╭─ The data
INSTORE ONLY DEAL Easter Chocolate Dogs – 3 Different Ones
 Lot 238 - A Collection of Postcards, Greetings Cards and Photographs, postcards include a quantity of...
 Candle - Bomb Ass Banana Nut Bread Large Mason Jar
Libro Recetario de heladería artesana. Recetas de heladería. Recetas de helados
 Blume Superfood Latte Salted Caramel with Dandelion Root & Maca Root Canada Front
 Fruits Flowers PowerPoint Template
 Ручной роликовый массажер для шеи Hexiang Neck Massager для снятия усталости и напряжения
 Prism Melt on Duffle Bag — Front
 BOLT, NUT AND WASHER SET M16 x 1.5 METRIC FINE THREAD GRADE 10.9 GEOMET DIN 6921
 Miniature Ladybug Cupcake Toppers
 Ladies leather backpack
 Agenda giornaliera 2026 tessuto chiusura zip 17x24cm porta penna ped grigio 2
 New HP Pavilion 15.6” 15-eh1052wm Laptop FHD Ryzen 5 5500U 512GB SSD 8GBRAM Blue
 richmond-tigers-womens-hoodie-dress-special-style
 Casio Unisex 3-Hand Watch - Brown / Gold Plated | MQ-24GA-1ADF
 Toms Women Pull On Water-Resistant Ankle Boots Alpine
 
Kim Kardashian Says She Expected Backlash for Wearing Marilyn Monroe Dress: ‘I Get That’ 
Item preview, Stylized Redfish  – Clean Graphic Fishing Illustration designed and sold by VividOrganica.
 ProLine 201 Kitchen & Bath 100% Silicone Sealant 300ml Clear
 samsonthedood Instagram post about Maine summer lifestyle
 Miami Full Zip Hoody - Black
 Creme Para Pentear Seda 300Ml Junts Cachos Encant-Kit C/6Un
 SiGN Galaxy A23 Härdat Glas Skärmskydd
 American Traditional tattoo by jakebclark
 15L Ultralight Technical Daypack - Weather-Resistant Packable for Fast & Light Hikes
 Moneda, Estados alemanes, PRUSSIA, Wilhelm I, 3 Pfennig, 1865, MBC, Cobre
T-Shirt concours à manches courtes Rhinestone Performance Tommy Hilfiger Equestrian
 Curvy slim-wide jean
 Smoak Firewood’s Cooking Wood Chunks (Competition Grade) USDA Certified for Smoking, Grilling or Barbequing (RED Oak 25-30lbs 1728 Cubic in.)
╰─
* **To do**
Please copy, exactly and with nothing else, the lines above beginning at the line that has "ProLine 201 Kitchen" and ending with the line that has "15L Ultralight Technical".

* **Result of this exercise**
 ProLine 201 Kitchen & Bath 100% Silicone Sealant 300ml Clear
 samsonthedood Instagram post about Maine summer lifestyle
 Miami Full Zip Hoody - Black
 Creme Para Pentear Seda 300Ml Junts Cachos Encant-Kit C/6Un
 SiGN Galaxy A23 Härdat Glas Skärmskydd
 American Traditional tattoo by jakebclark
 15L Ultralight Technical Daypack - Weather-Resistant Packable for Fast & Light Hikes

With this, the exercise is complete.